Besides the instrumental music she made a soundtrack in surround sound, also based on the data from the laser research. ‘The soundtrack has four layers, which refer to as many times at which the measurements take place. At night you can sometimes see the objects when they’re caught in the laser beams. You think they are stars, but because they make strange movements, you know that they are pieces of space grit, very scary.’

Miserere

For the recording Moore cut up the famous Miserere by Gregorio Allegri in fragments of 127 syllables, which she recorded herself. In each of the four movements she recites one verse, her voice recording triggered via MIDI. When the waste makes a rising movement, the syllables sound in their normal order, when it falls they are played backwards. The Miserere was very deliberately chosen, says Moore: ‘It refers to Michelangelo’s fresco in the Sistine Chapel, in which Adam and God try to touch each other in vain.’

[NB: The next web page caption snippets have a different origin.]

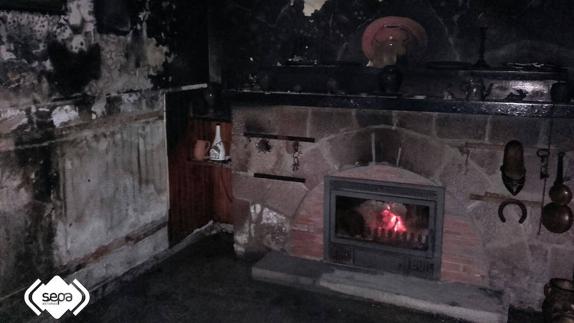 El fuego calcina parte de una vivienda en Ribadedeva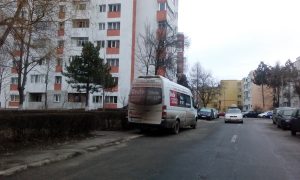 Şoferii de maxi-taxi parchează printre blocuri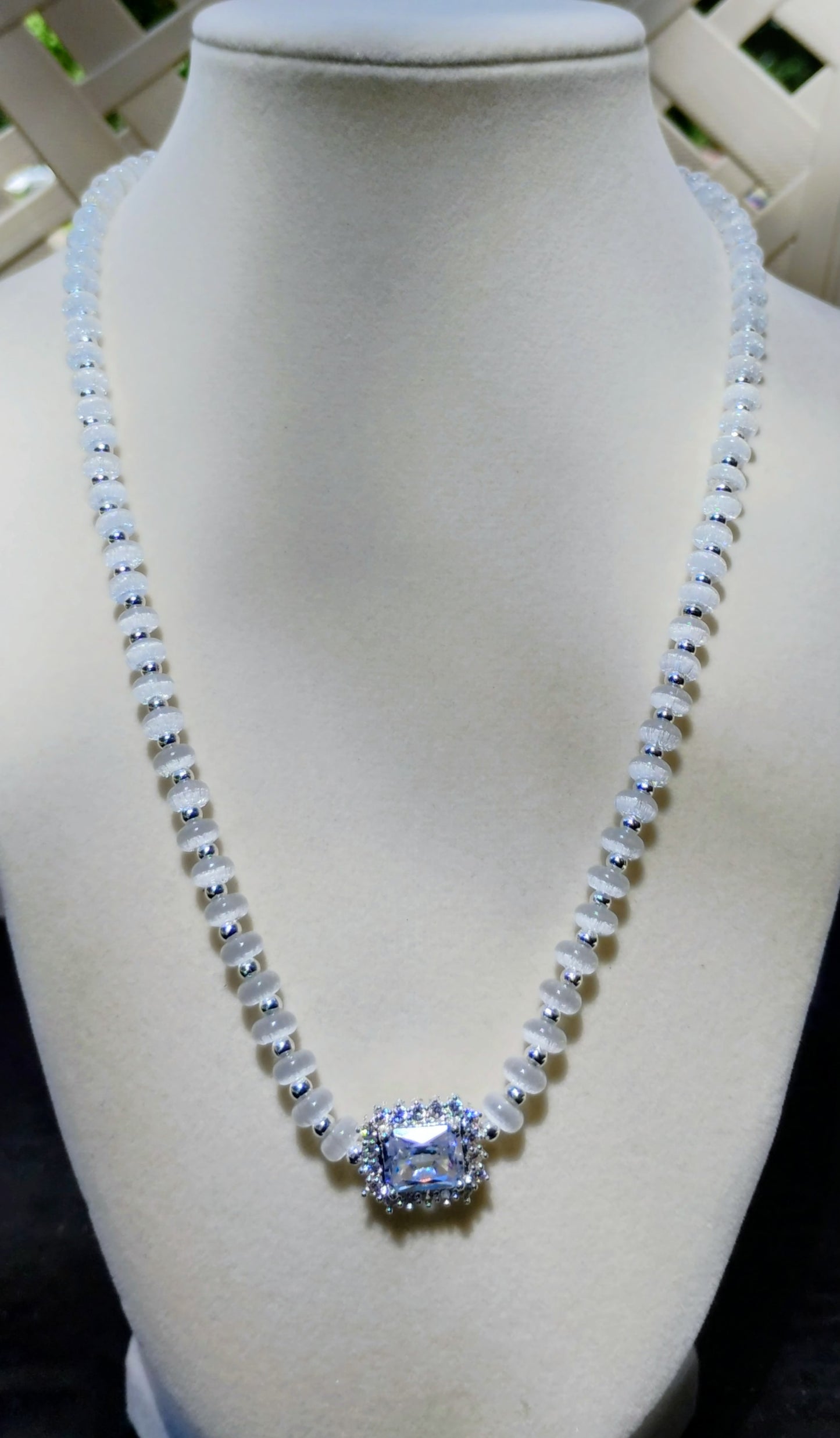 Pretty white beaded cat eye necklace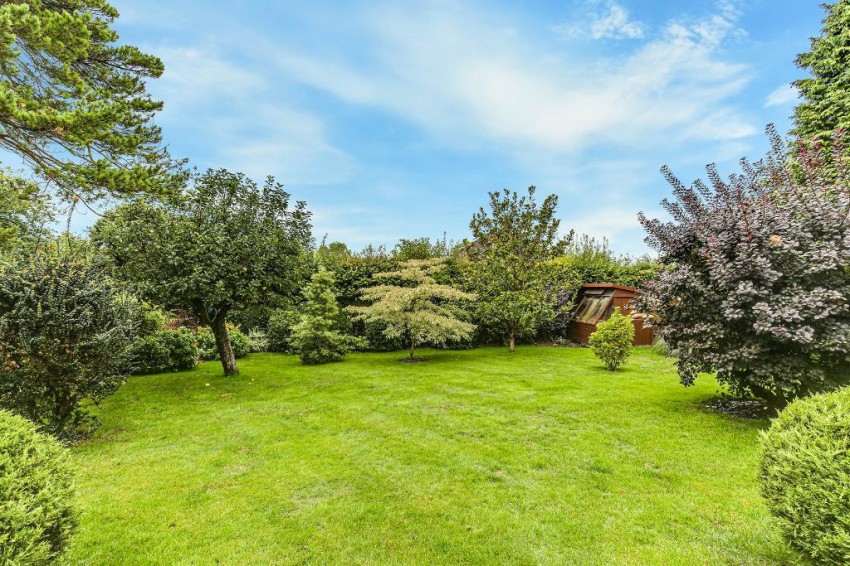 Images for Norfolk Avenue, Sanderstead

The Minimal Music Festival runs from Wednesday 3 to Sunday 7 April. It also features a new piano concerto that Vladimir Martynov wrote for Ralph van Raat and Noord Nederlands Orkest. This will be premiered in Muziekgebouw on 4 April. On the programme, too is Future Perfect by The America-Dutch composer Vanessa Lann, which she composed for Oranjewoud Festival 2017. ‘It was inspired by Schubert’s 8th Symphony’, says Lann. ‘It poses the question how this work from 1822 would have sounded had it been written 200 years later, in a modern, minimalistic idiom. Future Perfect lasts 10 minutes, is super rock-and-roll yet winks at the melodies and elegance of Schubert.’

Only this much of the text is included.